Risk: Resuming automation without resolving underlying issue

Mitigation:

  • Runtime blocks FAULT → AUTO transition (must go through MANUAL)
  • Always investigate and resolve fault cause before resuming automation
  • Perform verification tests in MANUAL mode after fault recovery

Pitfall: Manual Override During Automation

Risk: Manual control interfering with automated sequence

Mitigation:

  • Use manual_gating_policy: BLOCK (default) to prevent manual calls in AUTO mode
  • If OVERRIDE policy needed, establish clear SOPs for when manual intervention is permitted
  • Log all manual overrides for post-operation review

Pitfall: Ignoring Provider Unavailability

Risk: Automation continues with missing devices

Mitigation:

  • Monitor provider health via /v0/runtime/status
  • Configure provider supervision with restart_policy for automatic recovery
  • Behavior trees should check device availability before use

Pitfall: Insufficient Error Handling in Behavior Trees

Risk: BT failure causes unexpected system state

Mitigation:

  • Use timeout nodes for all device calls
  • Implement fallback/recovery logic in BT design
  • Use preconditions to validate state before actuation
  • Test fault injection scenarios (see anolis-provider-sim fault injection)
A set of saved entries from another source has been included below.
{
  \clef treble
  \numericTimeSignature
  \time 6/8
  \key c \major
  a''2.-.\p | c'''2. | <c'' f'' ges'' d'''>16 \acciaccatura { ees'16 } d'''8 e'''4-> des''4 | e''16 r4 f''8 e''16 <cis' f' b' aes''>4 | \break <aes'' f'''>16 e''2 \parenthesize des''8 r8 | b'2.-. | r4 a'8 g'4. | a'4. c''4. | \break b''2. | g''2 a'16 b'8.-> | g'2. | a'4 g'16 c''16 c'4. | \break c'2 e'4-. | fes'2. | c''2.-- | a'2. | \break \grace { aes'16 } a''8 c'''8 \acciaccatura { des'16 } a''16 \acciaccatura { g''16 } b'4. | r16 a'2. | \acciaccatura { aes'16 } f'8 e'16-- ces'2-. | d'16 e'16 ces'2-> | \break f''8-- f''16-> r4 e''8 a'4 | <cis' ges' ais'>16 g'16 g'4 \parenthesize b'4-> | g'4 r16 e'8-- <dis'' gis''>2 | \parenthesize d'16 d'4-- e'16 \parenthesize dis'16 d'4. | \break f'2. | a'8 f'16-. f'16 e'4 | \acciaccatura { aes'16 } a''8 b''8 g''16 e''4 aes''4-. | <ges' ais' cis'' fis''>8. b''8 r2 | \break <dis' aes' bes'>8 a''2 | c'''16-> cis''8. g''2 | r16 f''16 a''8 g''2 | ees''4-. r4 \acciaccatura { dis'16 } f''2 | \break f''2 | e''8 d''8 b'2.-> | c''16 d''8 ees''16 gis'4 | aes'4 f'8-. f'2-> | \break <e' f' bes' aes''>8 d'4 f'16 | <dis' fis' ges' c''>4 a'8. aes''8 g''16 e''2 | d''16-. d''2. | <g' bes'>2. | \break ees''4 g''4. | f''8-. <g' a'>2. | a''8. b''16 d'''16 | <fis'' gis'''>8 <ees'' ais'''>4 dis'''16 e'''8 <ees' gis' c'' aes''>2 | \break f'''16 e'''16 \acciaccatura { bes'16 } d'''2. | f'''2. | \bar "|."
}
Hardware Integration Safety Checklist

Use this checklist when integrating new hardware with Anolis:

Provider Safety

  • Provider initializes devices in safe states on startup
  • Provider queries hardware state before commanding actuators
  • Provider documents safe defaults in README
  • Provider handles hardware communication errors gracefully
  • Provider restart does not cause unsafe transitions

Device Capability Documentation

  • Device capabilities accurately reflect actual hardware (no missing functions)
  • Function preconditions document safety requirements
  • Function argument ranges match hardware safe operating limits
  • Signal quality reporting works correctly (FAULT on error)

Integration Testing

  • Startup sequence tested (power-on → IDLE verification → MANUAL control)
  • Emergency stop tested (AUTO → MANUAL transition)
  • Provider crash recovery tested (supervision restart)
  • Fault injection tested (device unavailable, function failure)
  • Mode transitions tested (all valid paths)

Operational Procedures

  • Startup checklist created for operators
  • Emergency stop procedure documented
  • Fault recovery procedure documented
  • Hardware-specific hazards identified and mitigated
  • Training materials created for operators

Supervision Configuration

  • Provider restart policy configured (if appropriate for hardware)
  • Restart backoff delays tuned for hardware initialization time
  • Circuit breaker thresholds set to prevent infinite restart loops
  • Monitoring/alerting configured for circuit breaker opens

Safety vs Convenience Tradeoffs

Development/Testing Environments

Lower Safety Requirements:

  • May start in MANUAL mode (skip IDLE verification)
  • OVERRIDE policy acceptable for manual intervention during automation
  • Fewer verification steps

Rationale: Hardware is test equipment or simulation; consequences of error are low

Production/Hardware Environments

Higher Safety Requirements:

  • MUST start in IDLE mode (explicit verification required)
  • BLOCK policy recommended (prevent accidental manual interference)
  • Full verification checklist enforcement

Rationale: Hardware can cause injury, damage, or process failures

Configuration Guidance

Development (anolis-runtime-dev.yaml):

runtime:
  mode: MANUAL # Skip IDLE verification for convenience

automation:
  manual_gating_policy: OVERRIDE # Allow manual calls during automation

Production (anolis-runtime.yaml):

runtime:
  mode: IDLE # Enforce safe startup sequence

automation:
  manual_gating_policy: BLOCK # Prevent manual interference


Support

For safety-critical deployments, consider:

  • Establishing site-specific safety procedures
  • Conducting hazard analysis (FMEA, fault tree analysis)
  • Implementing hardware interlocks independent of software control
  • Consulting with safety professionals for high-risk applications

Anolis provides software safety mechanisms (IDLE mode, FAULT transitions, provider supervision), but hardware safety remains the responsibility of the system integrator.